Mary Lou helped mobilize her community to defeat plans by Chemical Waste
Management/Waste Management to build a commercial hazardous waste
incinerator in her Central Valley farmworker town of Kettleman City,
California – one of the epic victories in the history of the
environmental justice movement.


Marie Harrison was a long-time Bayview Hunters Point community leader and served on Greenaction’s staff from 1999 through 2017. When her illness made it impossible for her to continue on staff, Marie joined our Board of Directors until she passed in 2019. Marie led the campaign that closed the PG&E Hunters Point power plant and watchdogged its cleanup.
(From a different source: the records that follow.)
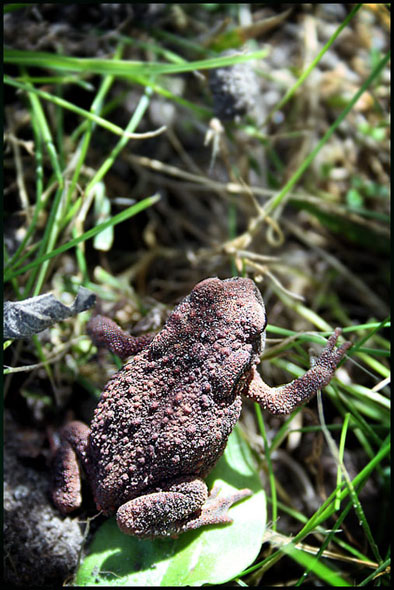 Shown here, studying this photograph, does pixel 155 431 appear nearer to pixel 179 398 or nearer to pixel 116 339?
pixel 179 398

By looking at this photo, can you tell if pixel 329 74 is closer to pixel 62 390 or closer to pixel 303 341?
pixel 303 341

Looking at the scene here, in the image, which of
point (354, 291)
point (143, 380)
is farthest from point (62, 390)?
point (354, 291)

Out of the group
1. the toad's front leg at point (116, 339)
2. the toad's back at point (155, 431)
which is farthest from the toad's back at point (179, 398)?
the toad's front leg at point (116, 339)

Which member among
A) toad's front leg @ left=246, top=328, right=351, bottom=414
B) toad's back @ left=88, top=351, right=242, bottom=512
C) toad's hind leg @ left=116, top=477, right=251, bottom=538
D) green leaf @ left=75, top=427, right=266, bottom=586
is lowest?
green leaf @ left=75, top=427, right=266, bottom=586

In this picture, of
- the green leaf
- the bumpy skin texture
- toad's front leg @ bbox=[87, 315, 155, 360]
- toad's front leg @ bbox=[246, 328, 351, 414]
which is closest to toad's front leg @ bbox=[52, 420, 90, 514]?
the bumpy skin texture

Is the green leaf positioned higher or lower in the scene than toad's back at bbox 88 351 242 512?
lower

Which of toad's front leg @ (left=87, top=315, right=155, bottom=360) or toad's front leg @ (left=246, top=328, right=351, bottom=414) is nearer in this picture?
toad's front leg @ (left=246, top=328, right=351, bottom=414)

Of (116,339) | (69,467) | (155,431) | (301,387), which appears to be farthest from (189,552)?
(116,339)

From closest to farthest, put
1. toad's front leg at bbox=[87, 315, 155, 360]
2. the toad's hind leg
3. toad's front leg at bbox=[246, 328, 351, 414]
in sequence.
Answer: the toad's hind leg, toad's front leg at bbox=[246, 328, 351, 414], toad's front leg at bbox=[87, 315, 155, 360]

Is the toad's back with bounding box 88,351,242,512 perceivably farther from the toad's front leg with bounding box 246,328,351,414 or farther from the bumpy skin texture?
the toad's front leg with bounding box 246,328,351,414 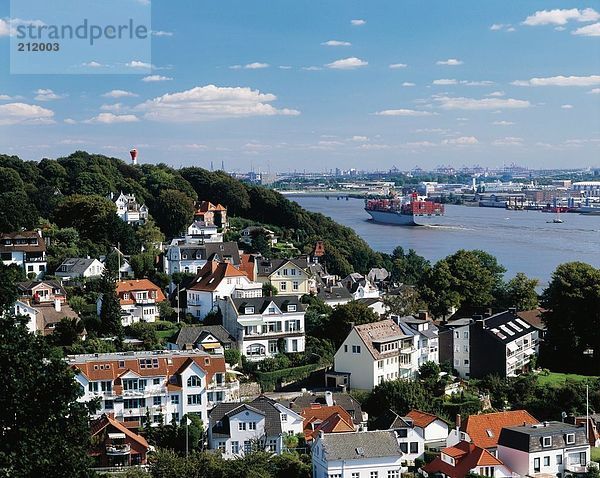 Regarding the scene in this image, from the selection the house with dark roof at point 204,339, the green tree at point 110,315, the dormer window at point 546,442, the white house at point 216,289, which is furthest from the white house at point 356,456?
the white house at point 216,289

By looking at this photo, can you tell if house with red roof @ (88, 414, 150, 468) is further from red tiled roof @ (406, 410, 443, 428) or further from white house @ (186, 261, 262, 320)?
white house @ (186, 261, 262, 320)

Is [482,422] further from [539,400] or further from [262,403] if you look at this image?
[262,403]

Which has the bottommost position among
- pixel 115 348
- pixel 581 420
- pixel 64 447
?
pixel 581 420

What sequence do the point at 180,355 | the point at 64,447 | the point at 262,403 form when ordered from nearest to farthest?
1. the point at 64,447
2. the point at 262,403
3. the point at 180,355

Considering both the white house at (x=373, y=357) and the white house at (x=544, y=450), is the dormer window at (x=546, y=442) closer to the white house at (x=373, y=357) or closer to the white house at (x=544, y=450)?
the white house at (x=544, y=450)

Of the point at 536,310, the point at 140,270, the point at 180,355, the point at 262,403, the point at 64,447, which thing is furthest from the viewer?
the point at 140,270

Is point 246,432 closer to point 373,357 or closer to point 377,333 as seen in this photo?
point 373,357

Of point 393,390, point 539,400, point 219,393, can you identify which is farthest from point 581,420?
point 219,393

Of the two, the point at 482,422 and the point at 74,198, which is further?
the point at 74,198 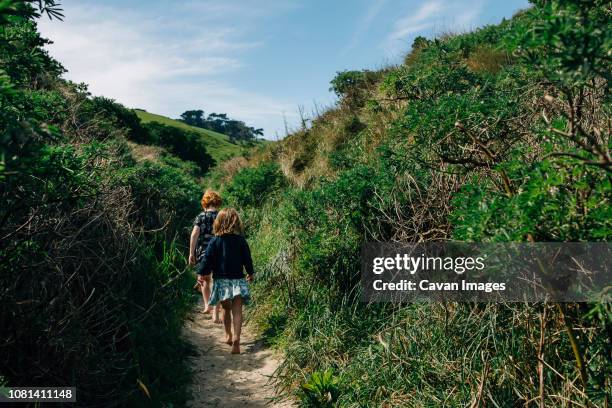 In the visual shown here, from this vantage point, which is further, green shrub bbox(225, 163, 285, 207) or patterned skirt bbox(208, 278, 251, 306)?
green shrub bbox(225, 163, 285, 207)

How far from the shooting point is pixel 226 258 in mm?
6512

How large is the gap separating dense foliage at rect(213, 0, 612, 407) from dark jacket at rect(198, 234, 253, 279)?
28.6 inches

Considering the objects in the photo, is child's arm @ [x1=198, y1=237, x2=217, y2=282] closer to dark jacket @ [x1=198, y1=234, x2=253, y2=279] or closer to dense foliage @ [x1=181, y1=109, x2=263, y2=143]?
dark jacket @ [x1=198, y1=234, x2=253, y2=279]

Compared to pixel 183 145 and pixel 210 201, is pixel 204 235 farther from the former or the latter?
pixel 183 145

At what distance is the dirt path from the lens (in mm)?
5324

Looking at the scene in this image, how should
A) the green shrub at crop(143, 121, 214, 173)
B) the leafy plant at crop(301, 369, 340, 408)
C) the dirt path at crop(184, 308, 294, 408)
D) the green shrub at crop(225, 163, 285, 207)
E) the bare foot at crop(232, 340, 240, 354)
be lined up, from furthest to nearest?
the green shrub at crop(143, 121, 214, 173) < the green shrub at crop(225, 163, 285, 207) < the bare foot at crop(232, 340, 240, 354) < the dirt path at crop(184, 308, 294, 408) < the leafy plant at crop(301, 369, 340, 408)

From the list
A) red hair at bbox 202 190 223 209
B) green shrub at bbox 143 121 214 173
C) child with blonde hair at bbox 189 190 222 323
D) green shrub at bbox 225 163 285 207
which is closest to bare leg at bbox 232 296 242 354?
child with blonde hair at bbox 189 190 222 323

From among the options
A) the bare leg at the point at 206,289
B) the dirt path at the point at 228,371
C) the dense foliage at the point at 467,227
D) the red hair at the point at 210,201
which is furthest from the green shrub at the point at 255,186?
the dirt path at the point at 228,371

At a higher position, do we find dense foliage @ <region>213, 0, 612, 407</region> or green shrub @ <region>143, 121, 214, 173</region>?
green shrub @ <region>143, 121, 214, 173</region>

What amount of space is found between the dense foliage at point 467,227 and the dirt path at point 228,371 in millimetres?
269

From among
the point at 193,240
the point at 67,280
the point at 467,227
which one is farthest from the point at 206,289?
the point at 467,227

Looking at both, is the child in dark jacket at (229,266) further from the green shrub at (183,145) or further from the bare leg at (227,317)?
the green shrub at (183,145)

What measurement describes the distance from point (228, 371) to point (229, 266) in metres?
1.24

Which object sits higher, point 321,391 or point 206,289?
point 206,289
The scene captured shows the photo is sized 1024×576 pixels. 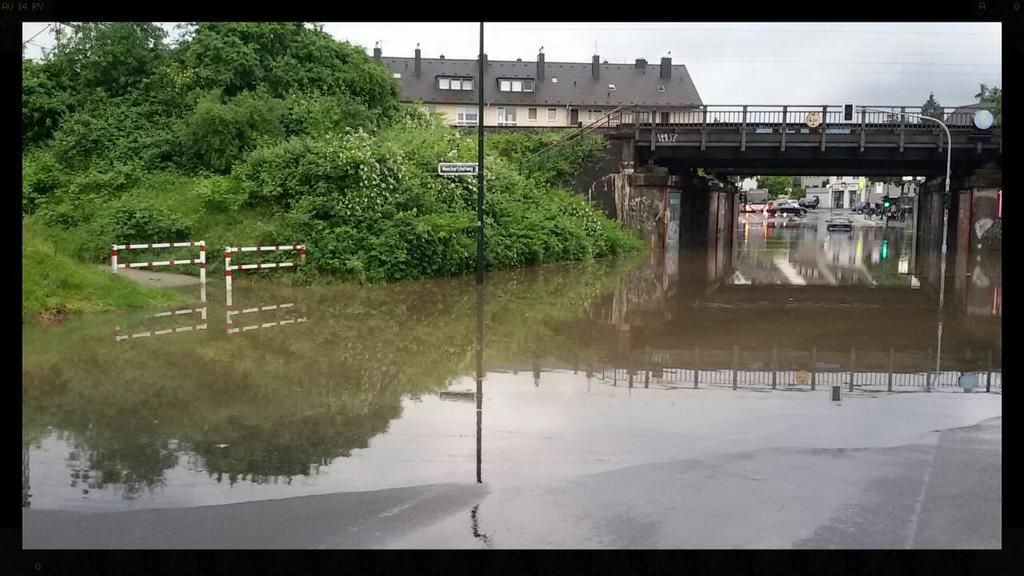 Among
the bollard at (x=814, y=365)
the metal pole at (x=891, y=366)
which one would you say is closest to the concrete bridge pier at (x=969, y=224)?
the metal pole at (x=891, y=366)

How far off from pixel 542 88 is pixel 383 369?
8005cm

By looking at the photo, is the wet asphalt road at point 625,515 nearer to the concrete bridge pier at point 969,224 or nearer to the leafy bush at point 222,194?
the leafy bush at point 222,194

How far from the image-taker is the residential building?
89062mm

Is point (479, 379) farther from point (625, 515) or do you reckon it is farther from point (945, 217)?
point (945, 217)

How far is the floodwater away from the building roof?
69.4m

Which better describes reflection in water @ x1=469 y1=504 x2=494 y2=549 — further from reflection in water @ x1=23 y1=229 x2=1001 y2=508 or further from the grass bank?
the grass bank

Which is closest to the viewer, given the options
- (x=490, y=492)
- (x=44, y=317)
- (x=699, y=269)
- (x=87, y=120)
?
(x=490, y=492)

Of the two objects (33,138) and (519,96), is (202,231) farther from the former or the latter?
(519,96)

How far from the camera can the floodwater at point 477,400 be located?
728 cm

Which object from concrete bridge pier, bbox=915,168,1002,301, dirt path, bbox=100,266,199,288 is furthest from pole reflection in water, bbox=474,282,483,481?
concrete bridge pier, bbox=915,168,1002,301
Marie co-founded the Huntersview Mothers and Fathers Committee and helped mentor its members as they expanded from Huntersview Public Housing to a community-wide group, the Bayview Hunters Point Mothers and Fathers Committee for Health and Environmental Justice. Marie helped found and coordinate our Bayview Hunters Point Environmental Justice Task Force, and helped design and implement our model Diesel Education and Emissions Reduction Project.